Hurricane Dorian is strengthening as it moves west toward the Bahamas and Florida.
The National Hurricane Center in Miami says maximum sustained winds increased Saturday morning to 145 mph (230 kph), up from 140 mph (220 kph).
As of about 8 a.m. EDT Saturday, the Category 4 storm was 280 miles (450 kilometers) east of the northwestern Bahamas and 445 miles (715 kilometers) east of West Palm Beach, Florida. The storm was traveling west at 12 mph (19 kph).
The hurricane center says the core of Dorian is expected to be near or over the northwestern Bahamas on Sunday and near the Florida east coast late Monday. Strong winds and life-threatening storm surge are also possible along the coasts of Georgia and South Carolina by the middle of next week.
Hurricane Dorian continues its slow march toward the Bahamas, and, eventually Florida’s east coast.
As of 5 a.m. Saturday, the Category 4 storm was 305 miles (490 kilometers) east of the northwestern Bahamas and 470 miles (755 kilometers) east of West Palm Beach, Florida.

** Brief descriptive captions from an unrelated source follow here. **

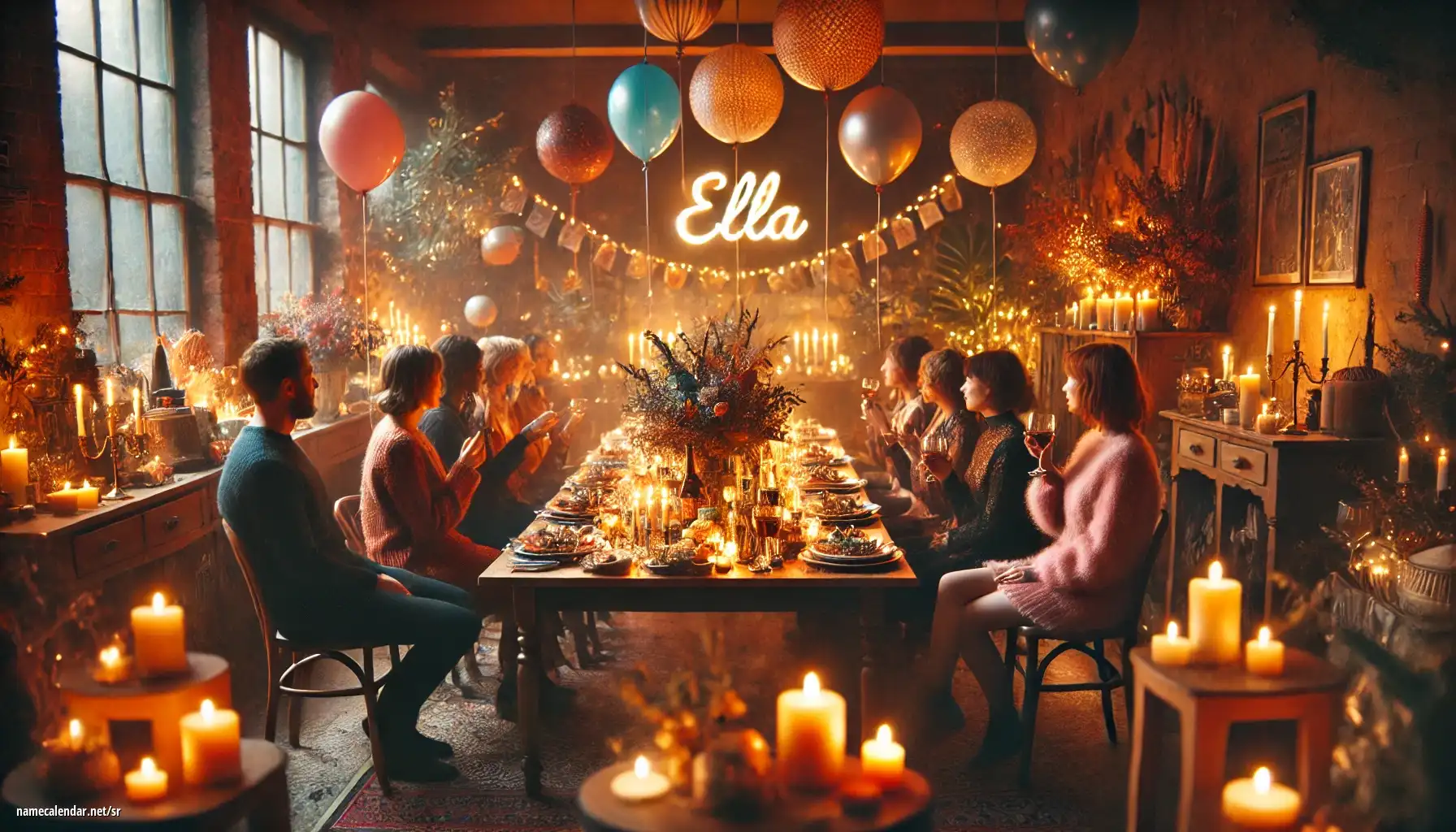 Прослава имендана и имена - Ella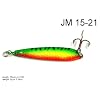 Akuna-5FLC15-New-Holographic-Trolling-Spoon-Fishing-Tackle-Lure-Pack-of-5-3-Inch
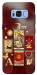Чохол Red aethtetic для Galaxy S8 (G950)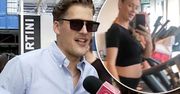 Joanna Krupa urodzi syna czy córkę? Jakob Kosel już zna płeć dziecka prowadzącej "Top Model"! [WIDEO]
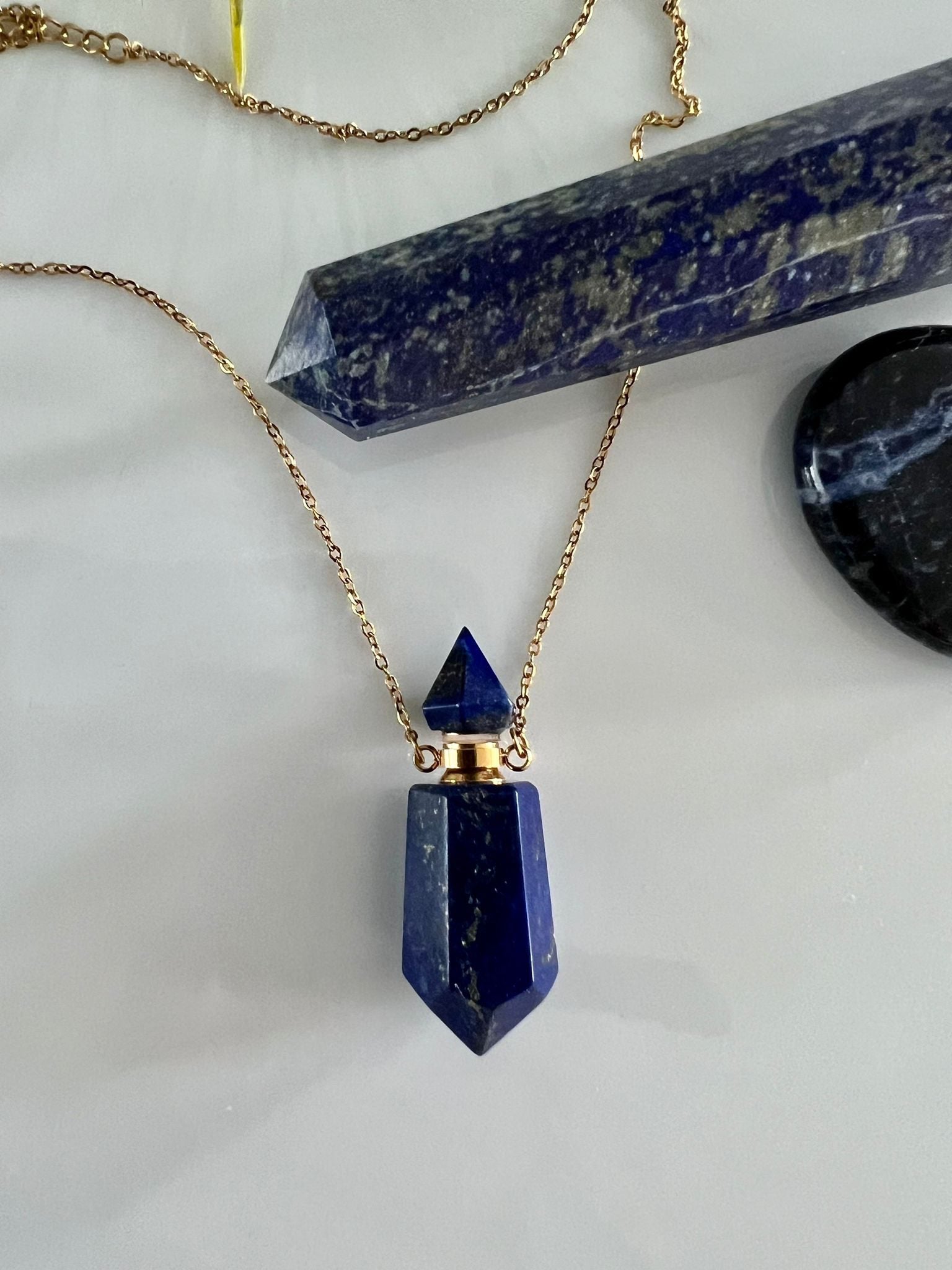 Parfum - Lapis lazuli bottle image 1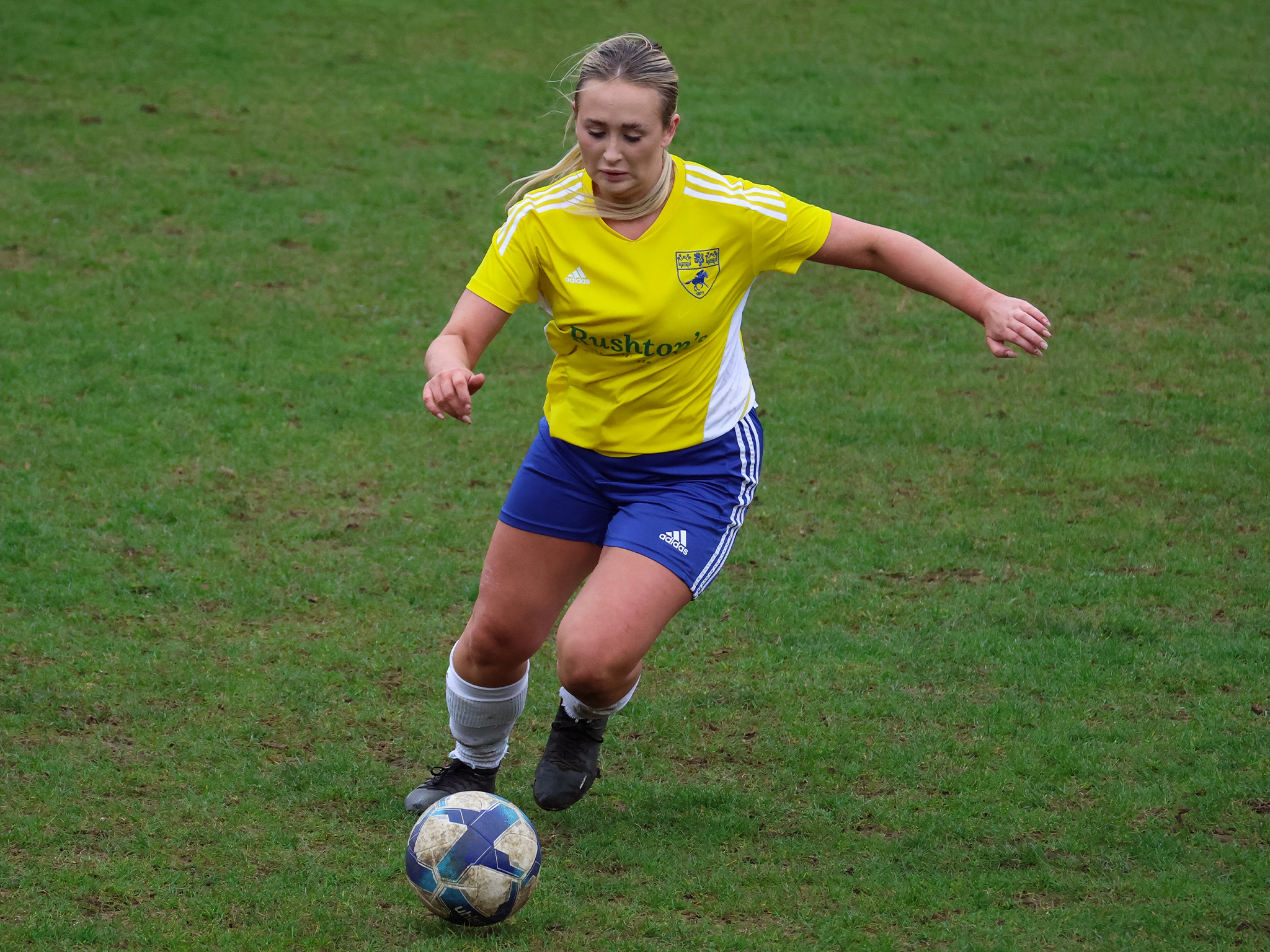 Histon Women v Newmarket Women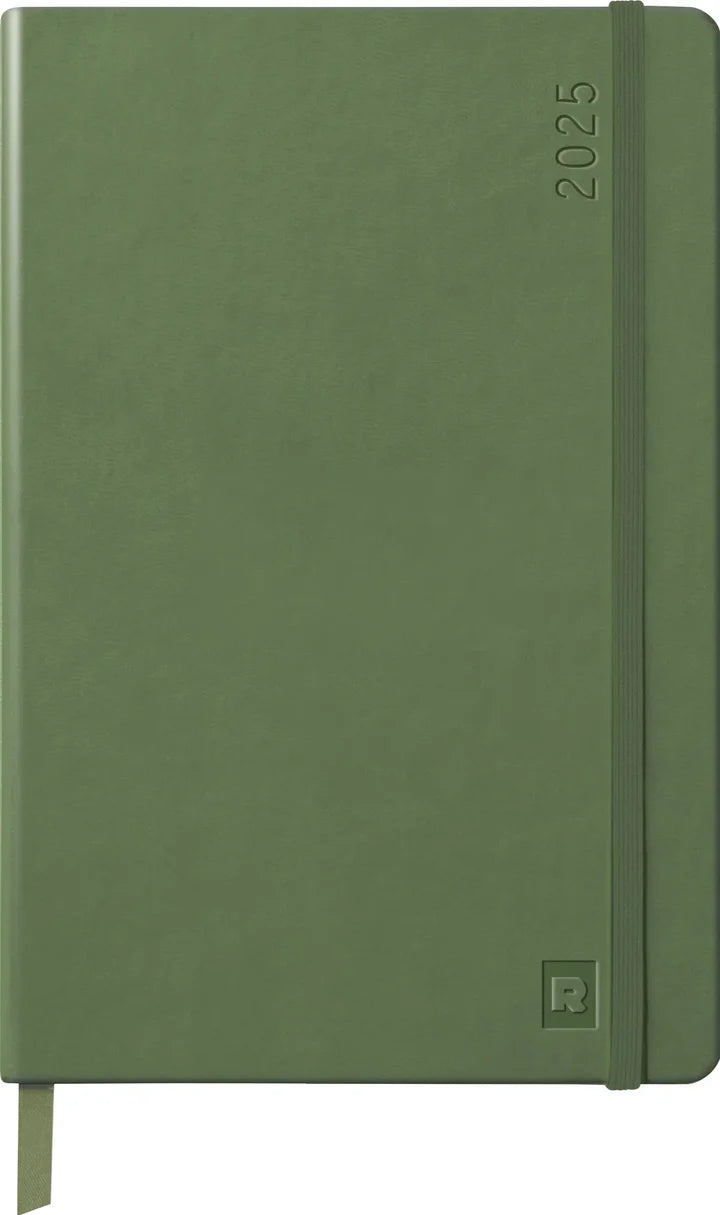 Rhodia Weekly Webplanner 2025 (A5) Vertical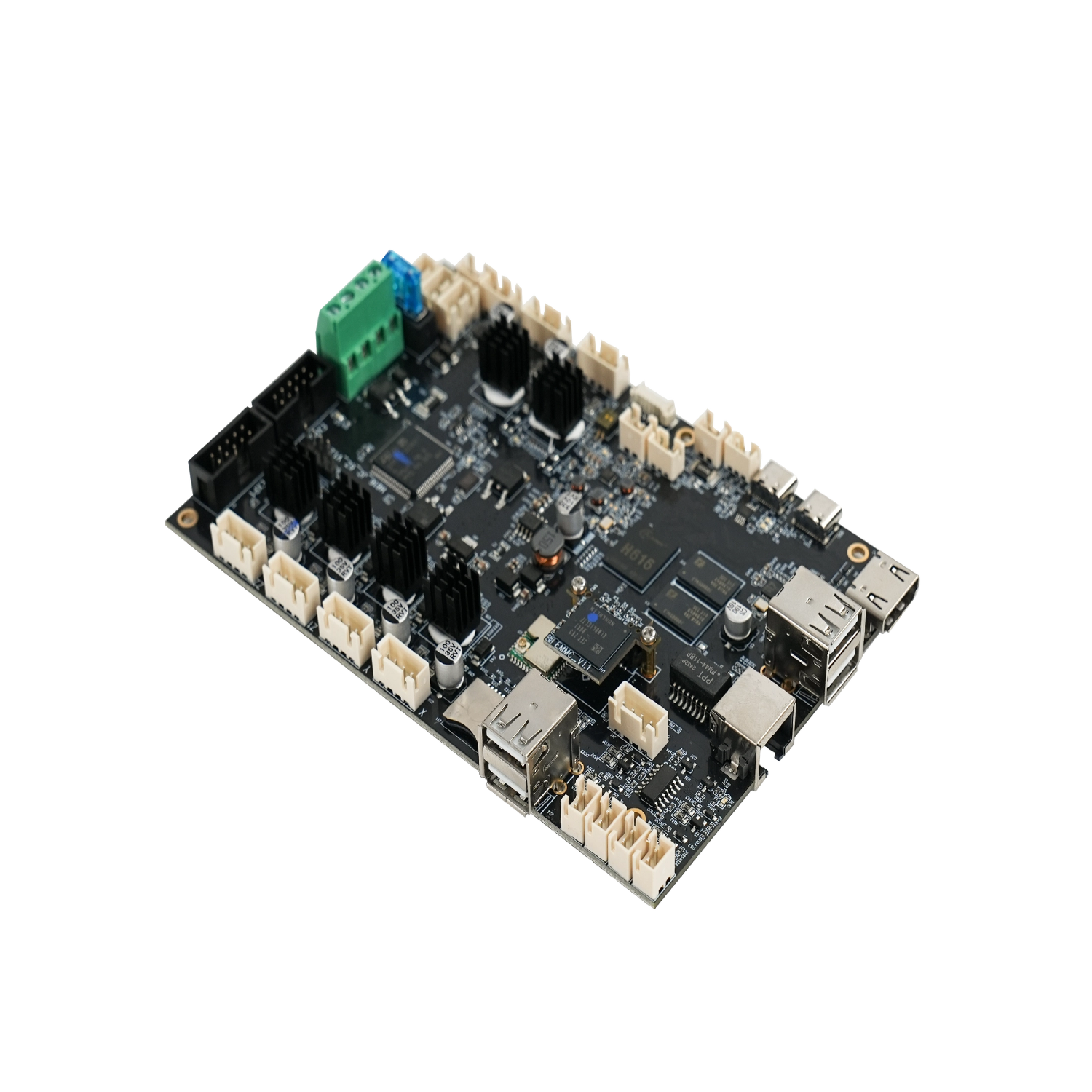 SV08 Silent Mainboard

The National Hurricane’s advisory says maximum sustained winds remained at 140 mph (220 kph), but the storm’s speed picked up slightly, moving west at 12 mph (19 kph), up from 10 mph (17 kph).
Hurricane-force winds still extend outward up to 30 miles (45 kilometers) from the storm’s center, and tropical-storm-force winds extend outward up to 105 miles (165 kilometers).
Hurricane conditions are expected in the northwestern Bahamas by Sunday, and the storm is expected to near Florida’s coast late Monday.
Hurricane Dorian is slowly moving closer to the Bahamas, en route to Florida’s east coast.
As of early Saturday, the Category 4 storm was 340 miles (545 kilometers) east of the northwestern Bahamas and 510 miles (820 kilometers) east of West Palm Beach, Florida. According to the National Hurricane Center’s 2 a.m. advisory, maximum sustained winds remained at 140 mph (220 kph) as the storm continued to move west at 10 mph (17 kph).
The advisory says a slower westward motion will likely begin later Saturday.
Hurricane-force winds are extending outward up to 30 miles (45 kilometers) from the storm’s center, and tropical-storm-force winds extend outward up to 105 miles (165 kilometers).
Dorian is expected to near the Florida coast late Monday.
As Hurricane Dorian makes its way toward Florida’s east coast, authorities have begun to schedule mandatory evacuations.
Brevard County Sheriff Wayne Ivey said Friday night that a mandatory evacuation for the county’s barrier island will take effect 8 a.m. Sunday. The order encompasses the Kennedy Space Center.
Martin County Fire Rescue Chief Bill Schobel said Friday that mandatory evacuations are scheduled to begin 10 a.m. Sunday for the county’s barrier islands.
The director of emergency services for Indian River County, Tad Stone, says officials will recommend a voluntary evacuation of the barrier island when hurricane warnings are issued.
Dorian gained Category 4 strength late Friday, clocking top sustained winds of 140 mph (225 kph). It’s unclear where and how Dorian will hit Florida, but it’s expected to threaten the peninsula late Monday or early Tuesday.
Hurricane Dorian has gained fearsome new muscle as an “extremely dangerous” Category 4 storm, bearing down on the Bahamas as it edges closer to Florida’s east coast.
Millions of people in Florida, along with the state’s Walt Disney World and President Donald Trump’s Mar-a-Lago resort, are in the potential crosshairs of the hurricane. Forecasters said Dorian gained Category 4 strength late Friday, clocking top sustained winds of 140 mph (225 kph).
Forecasters say it’s still too early to tell whether Dorian would make a direct hit on the state’s east coast or inflict a glancing blow. They note some computer models predict a late turn to the north that would have Dorian hug the coast.